Monday, June 10, 2013

Great American Public Servant - Judge Alex Kozinski


"Those of you who've had the good fortune to be born in the United States simply have not known the absence of freedoms..."

- Judge Alex Kozinski, Chief Judge of the U.S Court of Appeals for the Ninth Circuit

It's always a good exercise to listen to and celebrate faithful public servants who remind us of the importance of our Constitution, and the importance of our liberties.  Judge Kozinski's story is particularly interesting, as he grew up in a time when political dissidents from other countries left to escape their governments, and to seek asylum in America.  This is in striking contrast to the news today, where an American citizen has left America to escape the American government, and is seeking asylum in a foreign country.  The experiences of this great American federal judge are very relevant to America today, and he shares his views on our Constitution and the Fourth Amendment and surveillance and privacy, after about twenty minutes into the video interview above.

The bio presented on the YouTube video introduces the judge:
Born in 1950 to Holocaust survivors, Kozinski grew up as a committed communist in Bucharest, Romania. On his first trip outside of the Iron Curtain, in Vienna, Austria, he experienced forbidden luxuries like bubble gum and bananas.
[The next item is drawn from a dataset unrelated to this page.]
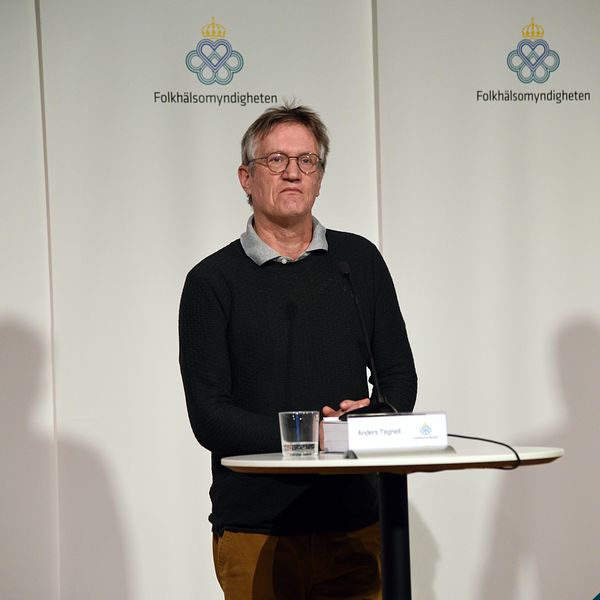 Bilden visar statsepidemiolog Anders Tegnell under en presskonferens.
It was his first taste of freedom, and it caused him to become, in his words, "an instant capitalist."

Today, Kozinski is responsible for some of the most influential - and controversial - legal decisions in the United States. Kozinski's rulings have challenged the Obama administration over the issue of same-sex marriage. In a case that tested the limits of parody and artistic expression, he has weighed in on whether a Barbie doll qualifies as a sex object. In one of the most influential dissents in recent memory, he caused federal prosecutors to drop all charges against a defendant who'd been convicted of smuggling of illegal immigrants across the U.S.-Mexican border.

Kozinski sat down with Reason editor-in-chief Matt Welch during Reason Weekend in Las Vegas for a wide-ranging discussion about freedom and the law. How do mobile phones and cloud computing affect our right to privacy? Why do judges interpret the commerce clause of the U.S. Constitution so broadly? What's wrong with the practice of jury nullification?

Kozinski, a self-described libertarian, answers these questions, and many others, with the insight and wry humor that comes from decades of experience on the bench - and a childhood under communism.